Four Simple Steps to Success for Detroit
I’ve been watching for “Domestics” here in Jersey for a bit. I see a lot of trucks/SUVs. A lot of minivans. Cars? Not as much. The lot at work is full of Acuras, Hondas, Toyotas, Nissans, BMWs…
I don’t think Jersey is alone. “Detroit” has lost generations of car buyers, and they need to take them back. Here’s an action plan:
1. It’s the Product, Stupid.
Pick a market, any market. If you’re going to compete in it, your offering has to better the best in the field (let’s just go with generic consumer opinion and call this company Honyota). If you feel your car is the best in the market niche, you’ll do stuff like pull Honyotas into your showroom and dare people to compare. That is the true sort of bold move it will take; not a marketing slogan, not a ‘tough’ image. Tell people “We benchmarked the Honyota Camcord, and after we matched it, we bettered it. Our car is the new benchmark.

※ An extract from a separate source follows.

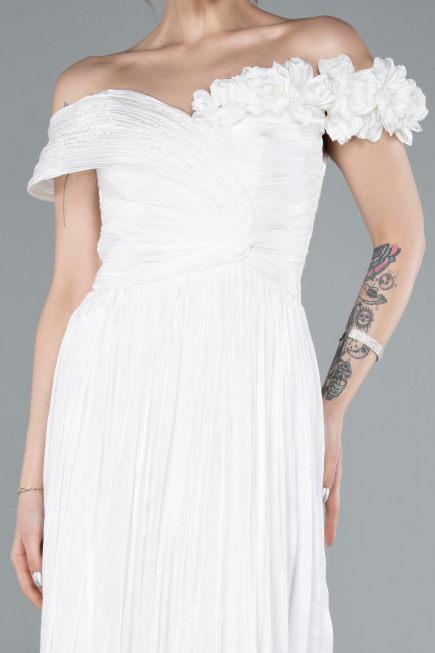 White Boat Neck Long Chiffon Evening Dress ABU4807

2. Marketing your way out of the cellar
Show people, specifically, why your car is better. Not “a great value”. Not “$3,000 less than a Camcord”. Better. Period, End of message. You’ll have to mention promotions and such of course, but the unmistakable message has to be “our car is better”. Because it is (see number #1).
3. Fix the dealer body.
Now it gets tricky. Customers think they’ve been screwed by the dealer, the dealer thinks they’ve been screwed by Corporate, and everyone thinks Corporate doesn’t give a toss.
This is not a position of strength. Some progess was made with the ‘customer one’ program, but that’s probably all been flushed. I don’t know if anyone takes the Five Star system seriously. I hear many complaints about Five Star dealers, yet there’s a reason why my small town dealer has gotten our families’ business since 1980 – and the existence or lack of a ‘Five Star’ banner has nothing to do with it. They’re a small outfit, with a small lot and without the gleaming new corporate building. We have however gotten fair deals on the cars that have been bought there new and used (86 New Yorker, 87 Horizon, 89 Lebaron, 90 Imperial, 92 5th Ave, 04 PT, 05 PT) and when they need service they’re reliably fixed the first time. Maybe a good start would be to retool the Five Star program to reward the dealers with the happiest customers, and to actually help the dealers make and keep people happy. Again, “spy” on the industry leader, and better that experience.
None of the above is optional, and none of it is enough either. There are a lot of people singing “Won’t get fooled again” as they drive by Big Three dealers, so the most herculean task will be:
4. Convince people you really, really mean it this time. Really.
GM has several deep home runs out there now, and they’re having a bit of trouble with #4. The key here is you don’t want to beg, it shows weakness. From #1 to #3 the key has been acting from a position of well earned strength. Don’t muck it up now with test drive vouchers for HOnyota owners or such. Stay on message, bring back the “If you can find a better car, buy it” because, now, you do have the better product – no qualifiers needed. This is where Detroit needs to go for the Grand Slam, because it’s possibly the last pitched battle for Chrysler and Ford especially.
Oh, and you can’t screw up. No grenading transmissions, no popping head gaskets, no jerking around owners, no ignition fires…..again this is not optional. Sure, things slip through, but the A604 style disasters are simply a death knell at this point. Head gasket problem? Fix it fast, fix it right, kiss the….feet….of affected owners. But avoiding the problem is #1 on the list, and avoiding the PR nightmare is the new #1 if something slips through (and it will, even on Honyotas)
In a sentence, Detroit simply has to be better than the competition. I don’t think “competitive” is going to cut it.
I think they can do it. However, if they haven’t already instituted the above mindset, they may already be too late (barring some huge quality gaffes by the competition).